WORK REQUIRED -
Taking the records below, count the lines in which "фото" appears and supply only the count.

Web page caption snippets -
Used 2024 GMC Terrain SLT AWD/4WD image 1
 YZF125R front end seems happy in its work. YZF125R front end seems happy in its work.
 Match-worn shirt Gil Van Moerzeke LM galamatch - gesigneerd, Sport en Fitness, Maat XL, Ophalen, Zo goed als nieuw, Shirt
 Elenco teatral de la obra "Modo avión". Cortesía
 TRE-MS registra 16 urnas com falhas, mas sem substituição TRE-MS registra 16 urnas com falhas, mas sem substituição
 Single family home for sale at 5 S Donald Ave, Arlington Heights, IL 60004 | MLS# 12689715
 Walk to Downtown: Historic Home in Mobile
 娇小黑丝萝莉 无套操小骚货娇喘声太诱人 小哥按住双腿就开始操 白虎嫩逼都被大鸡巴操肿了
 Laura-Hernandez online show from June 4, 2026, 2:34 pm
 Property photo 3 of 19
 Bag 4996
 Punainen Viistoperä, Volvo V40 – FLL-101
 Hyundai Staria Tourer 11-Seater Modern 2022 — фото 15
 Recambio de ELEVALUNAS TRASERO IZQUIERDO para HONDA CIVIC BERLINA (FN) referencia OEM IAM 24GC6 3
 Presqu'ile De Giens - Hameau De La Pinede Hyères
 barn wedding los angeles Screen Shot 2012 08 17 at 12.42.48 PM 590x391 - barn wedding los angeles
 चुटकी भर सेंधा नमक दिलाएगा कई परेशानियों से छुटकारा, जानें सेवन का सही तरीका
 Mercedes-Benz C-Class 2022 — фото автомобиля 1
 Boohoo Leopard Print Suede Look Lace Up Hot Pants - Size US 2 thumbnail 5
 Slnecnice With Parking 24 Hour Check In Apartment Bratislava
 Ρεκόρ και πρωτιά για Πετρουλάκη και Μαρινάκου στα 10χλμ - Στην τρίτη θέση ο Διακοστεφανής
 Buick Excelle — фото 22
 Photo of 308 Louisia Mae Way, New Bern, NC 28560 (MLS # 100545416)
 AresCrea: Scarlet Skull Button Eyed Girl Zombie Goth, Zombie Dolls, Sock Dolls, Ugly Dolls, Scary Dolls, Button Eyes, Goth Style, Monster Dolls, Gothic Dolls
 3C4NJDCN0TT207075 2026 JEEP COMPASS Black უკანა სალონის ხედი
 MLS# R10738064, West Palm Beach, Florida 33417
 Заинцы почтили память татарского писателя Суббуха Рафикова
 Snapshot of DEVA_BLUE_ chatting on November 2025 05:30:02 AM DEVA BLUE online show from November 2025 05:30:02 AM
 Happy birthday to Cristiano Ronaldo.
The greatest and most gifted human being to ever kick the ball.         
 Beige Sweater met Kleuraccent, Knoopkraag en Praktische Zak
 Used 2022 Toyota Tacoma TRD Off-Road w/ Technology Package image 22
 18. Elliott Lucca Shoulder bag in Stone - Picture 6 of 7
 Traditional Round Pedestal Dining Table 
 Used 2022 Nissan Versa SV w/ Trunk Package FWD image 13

EXERCISE OUTPUT -
3